> [Supplied material]:
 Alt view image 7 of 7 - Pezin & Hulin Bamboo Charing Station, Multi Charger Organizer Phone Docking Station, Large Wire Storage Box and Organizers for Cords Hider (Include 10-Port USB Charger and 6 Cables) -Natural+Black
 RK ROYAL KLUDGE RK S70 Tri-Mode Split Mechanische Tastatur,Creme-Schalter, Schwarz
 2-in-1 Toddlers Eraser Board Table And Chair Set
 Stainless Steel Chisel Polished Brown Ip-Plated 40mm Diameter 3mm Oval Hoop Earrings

* * *

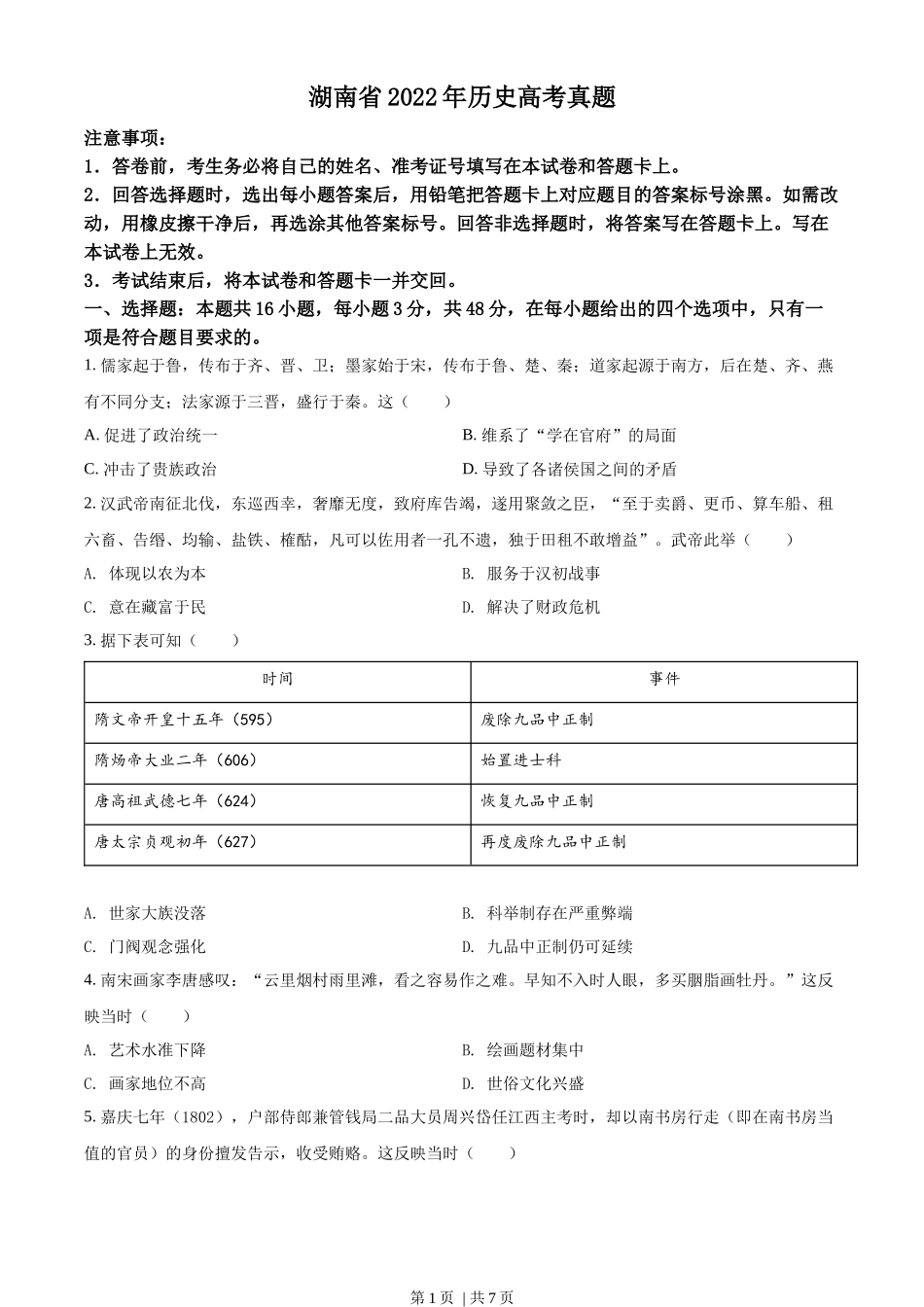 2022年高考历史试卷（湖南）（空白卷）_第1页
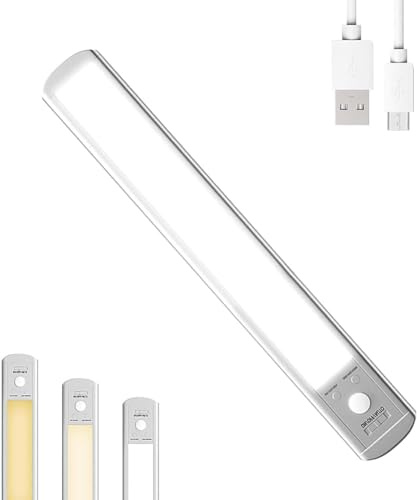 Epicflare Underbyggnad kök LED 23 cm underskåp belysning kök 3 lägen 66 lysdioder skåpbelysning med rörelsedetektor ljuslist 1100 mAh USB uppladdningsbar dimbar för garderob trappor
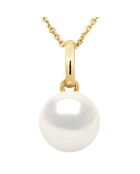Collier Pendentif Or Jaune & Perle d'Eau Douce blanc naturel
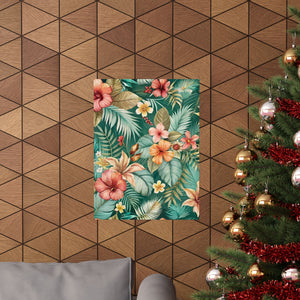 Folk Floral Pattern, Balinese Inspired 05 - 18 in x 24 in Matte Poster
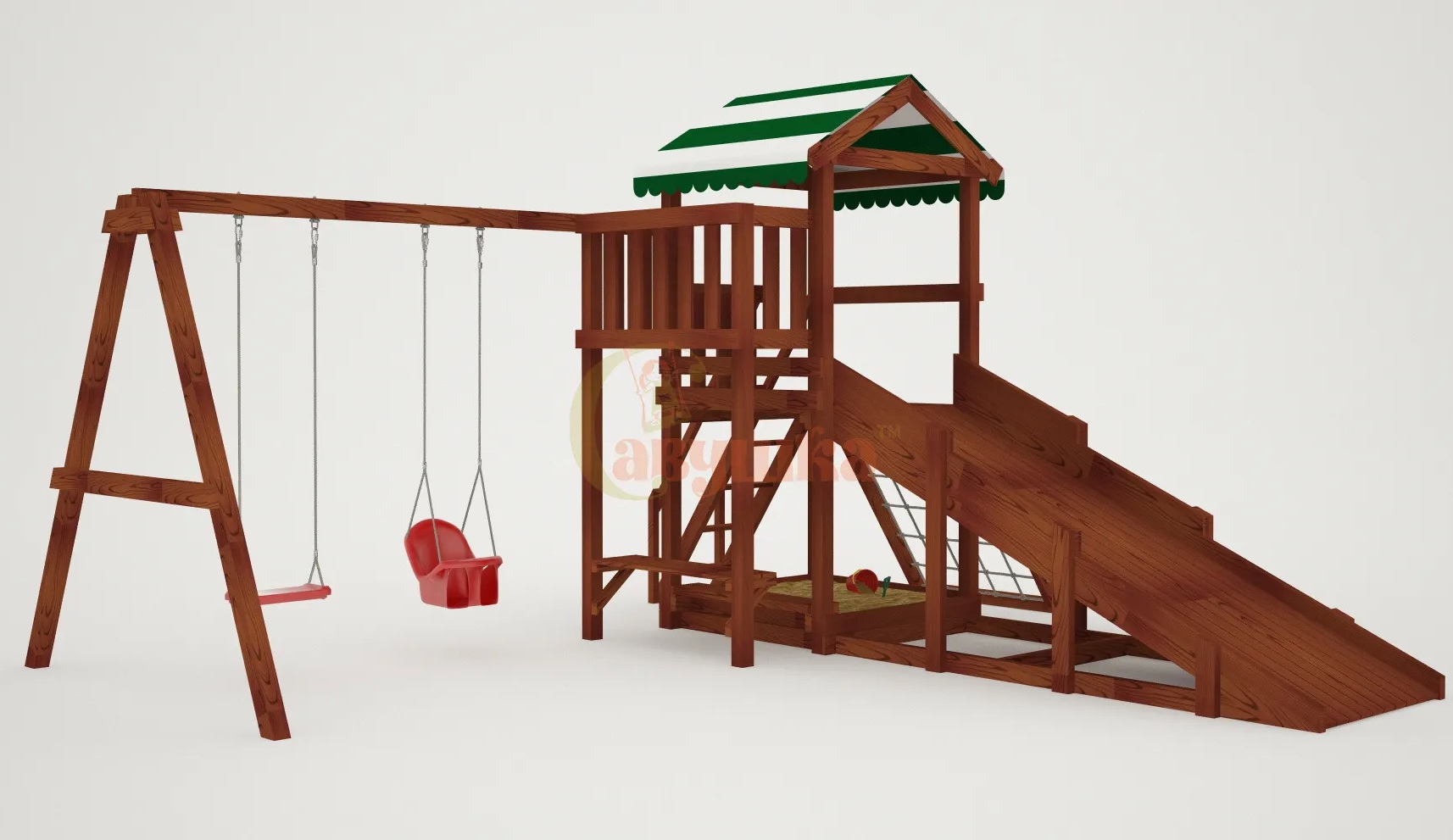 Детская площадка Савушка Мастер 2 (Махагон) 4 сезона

> [Your assignment]: Set down, exactly as they appear above, all lines from the one that has "Alt view image" down to the one that has "Stainless Steel Chisel", including those two and no others.

> [Result below]:
 Alt view image 7 of 7 - Pezin & Hulin Bamboo Charing Station, Multi Charger Organizer Phone Docking Station, Large Wire Storage Box and Organizers for Cords Hider (Include 10-Port USB Charger and 6 Cables) -Natural+Black
 RK ROYAL KLUDGE RK S70 Tri-Mode Split Mechanische Tastatur,Creme-Schalter, Schwarz
 2-in-1 Toddlers Eraser Board Table And Chair Set
 Stainless Steel Chisel Polished Brown Ip-Plated 40mm Diameter 3mm Oval Hoop Earrings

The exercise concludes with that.